What you should do -
In the entries below, repeat only the lines between those holding "Dragonfruit Mix Box – Miami Fruit" and "土山茶高山茶叶惠来土山茶诏安八仙茶潮汕土山茶叶1斤大坪茶", inclusive. Leave pictures out.

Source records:

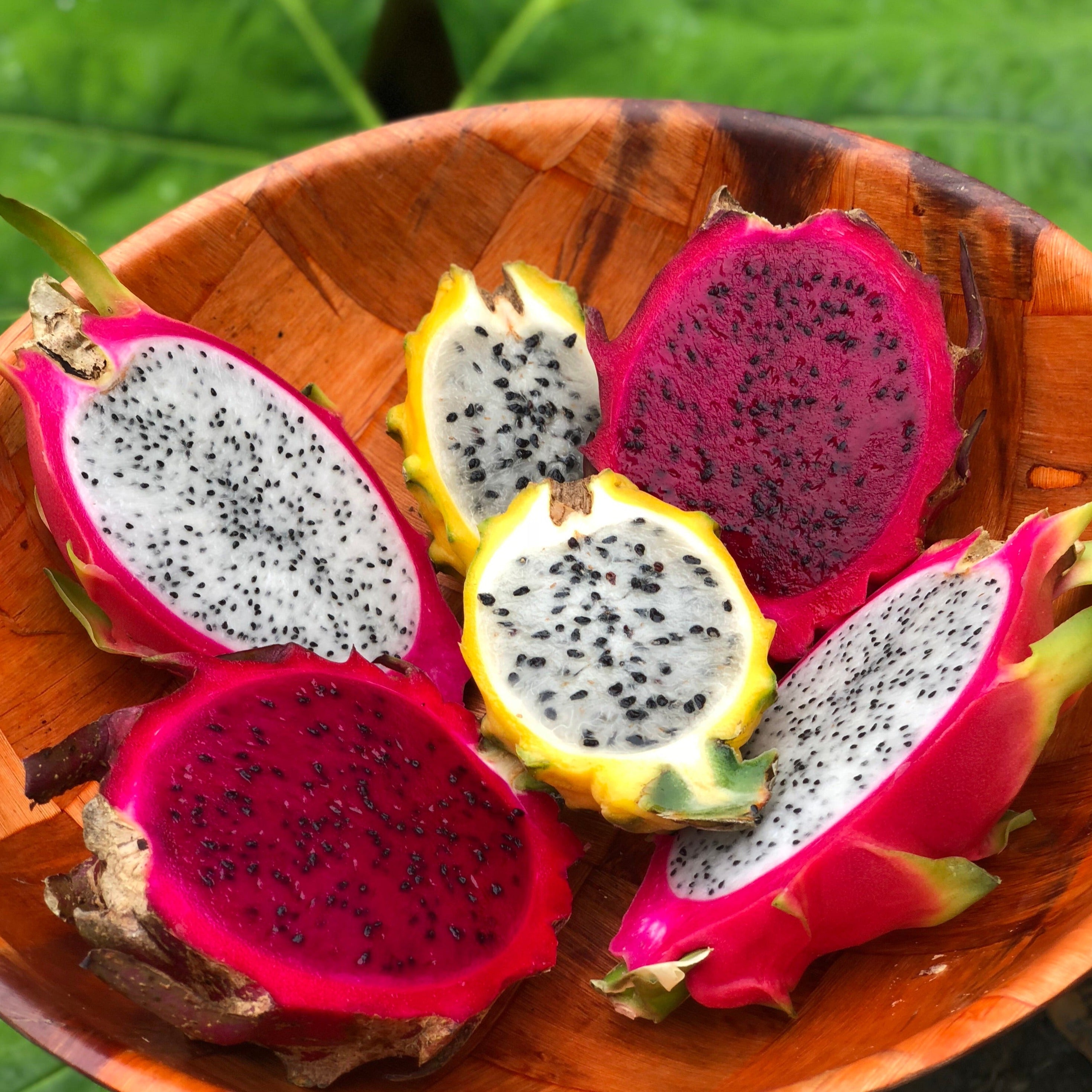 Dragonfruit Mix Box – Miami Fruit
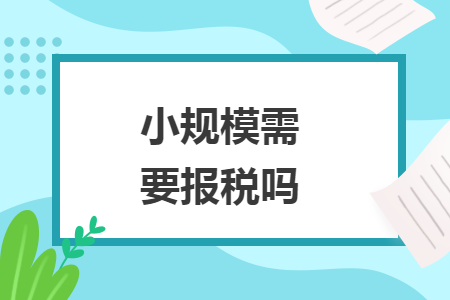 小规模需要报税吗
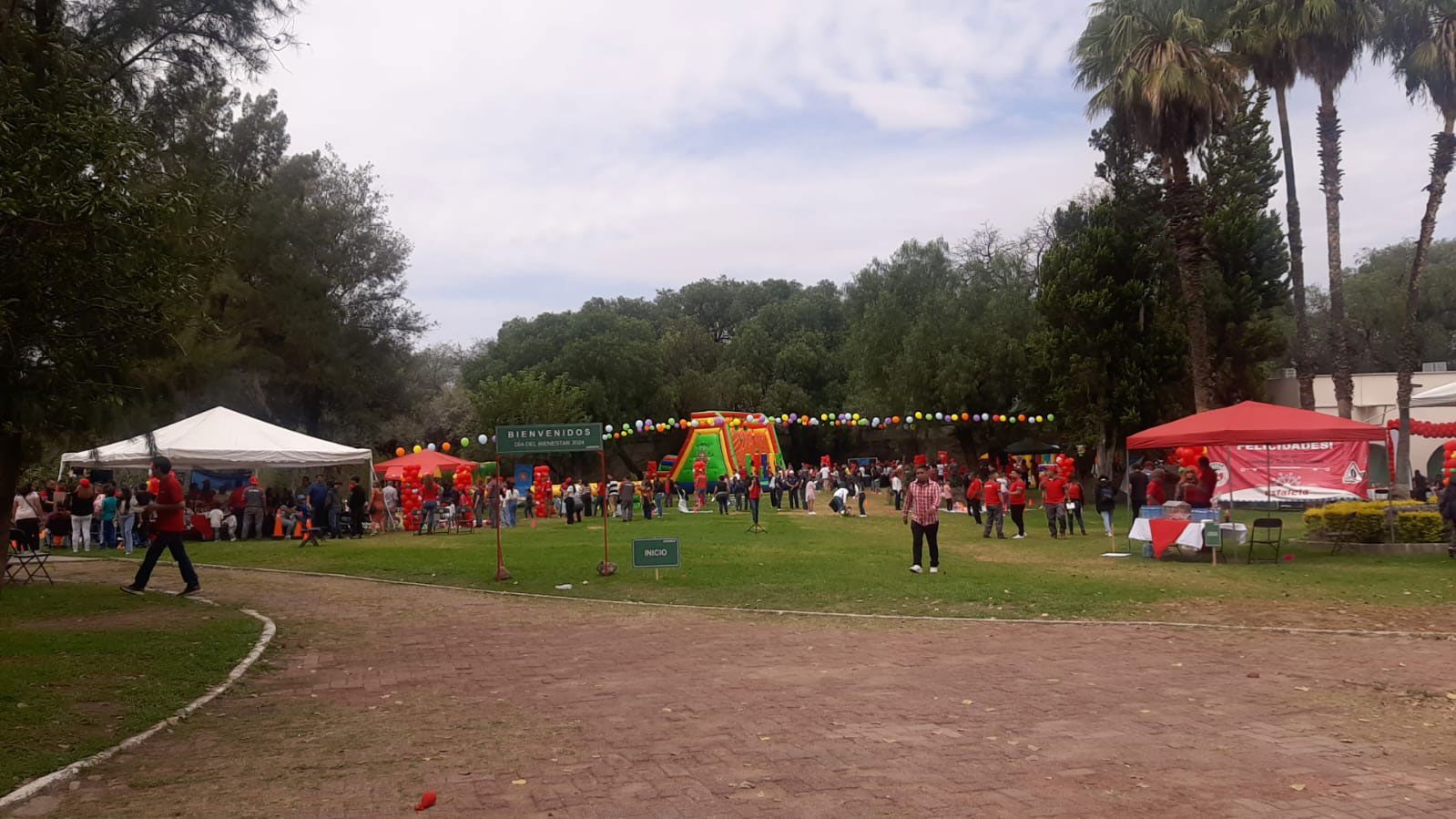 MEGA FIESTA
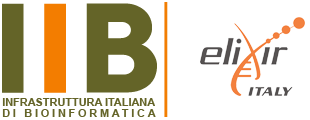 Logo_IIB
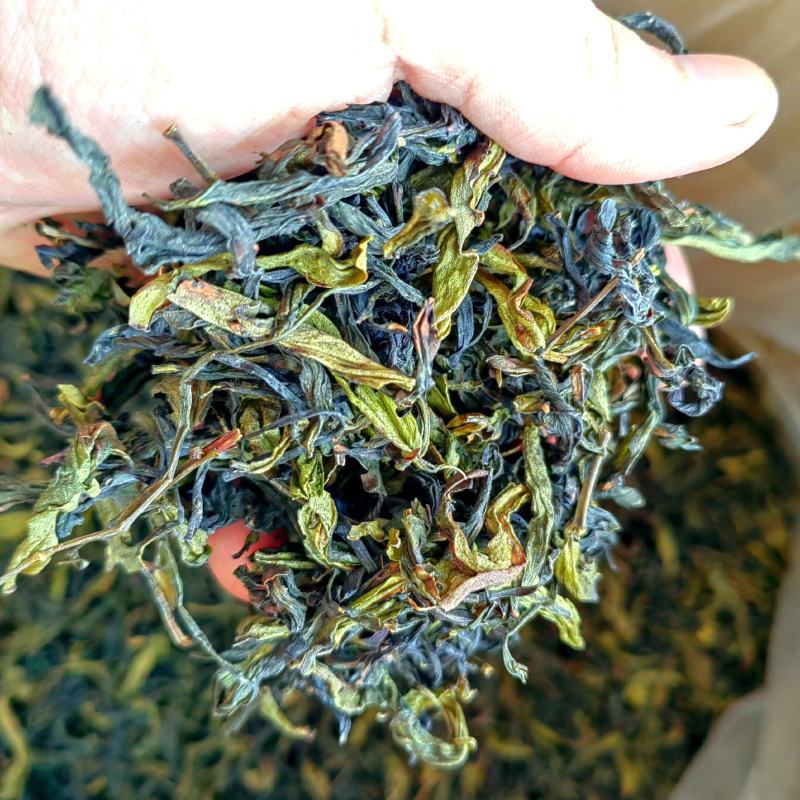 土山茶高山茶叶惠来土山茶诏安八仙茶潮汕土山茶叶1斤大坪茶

* * *

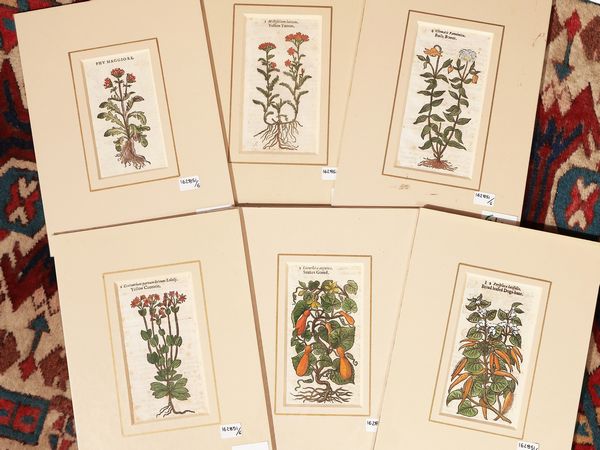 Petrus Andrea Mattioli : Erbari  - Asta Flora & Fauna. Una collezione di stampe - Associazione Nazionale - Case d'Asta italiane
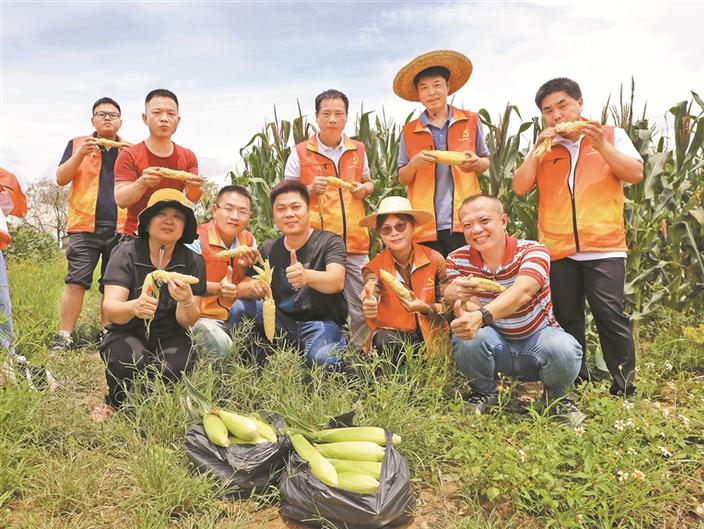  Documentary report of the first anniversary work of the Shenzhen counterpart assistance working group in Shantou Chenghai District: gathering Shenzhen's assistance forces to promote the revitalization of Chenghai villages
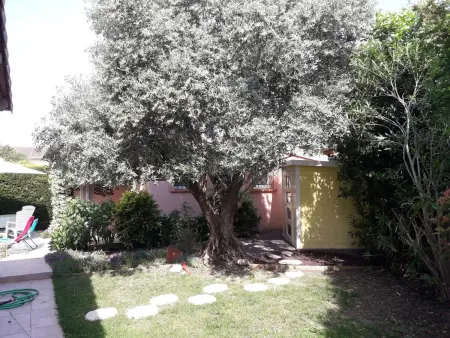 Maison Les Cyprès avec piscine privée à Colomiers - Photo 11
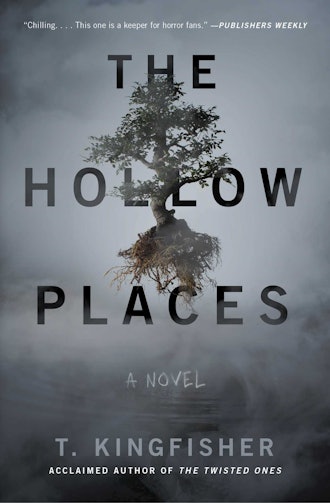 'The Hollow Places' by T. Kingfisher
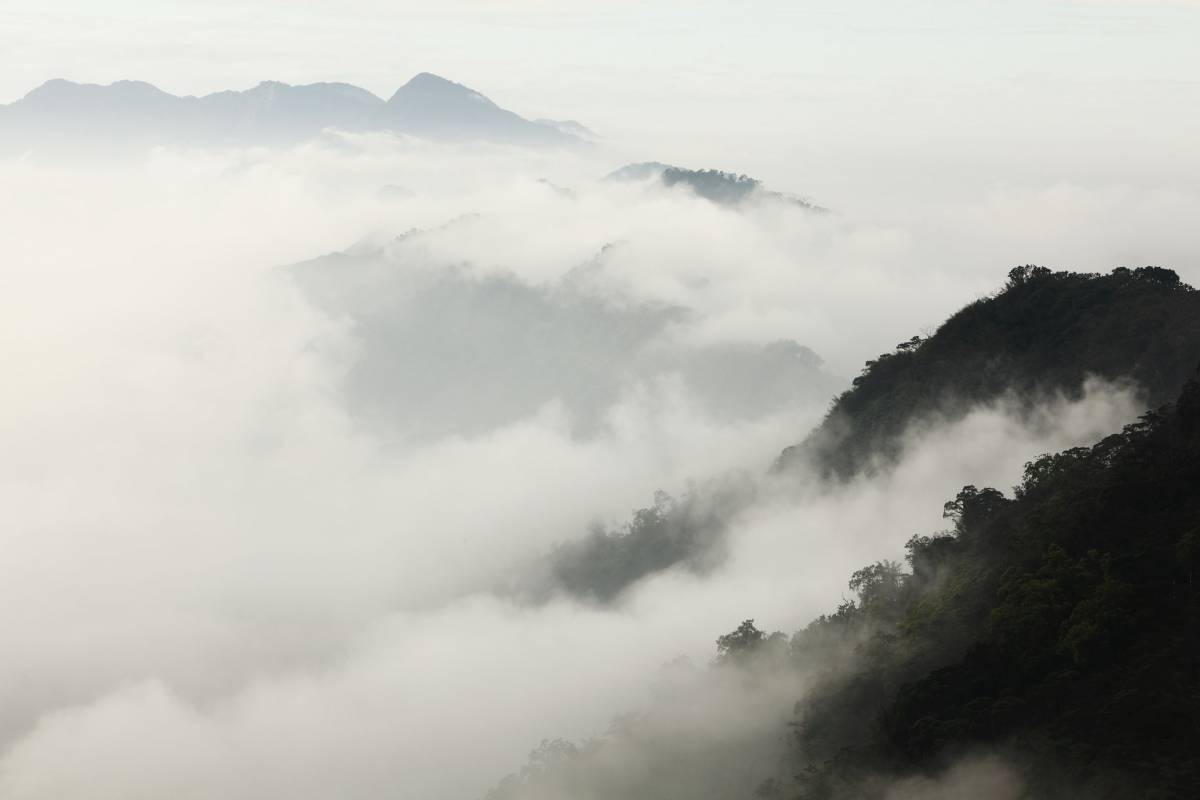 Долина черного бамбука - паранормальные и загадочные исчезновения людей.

Answer space -
 Dragonfruit Mix Box – Miami Fruit
 小规模需要报税吗
 MEGA FIESTA
 Logo_IIB
 土山茶高山茶叶惠来土山茶诏安八仙茶潮汕土山茶叶1斤大坪茶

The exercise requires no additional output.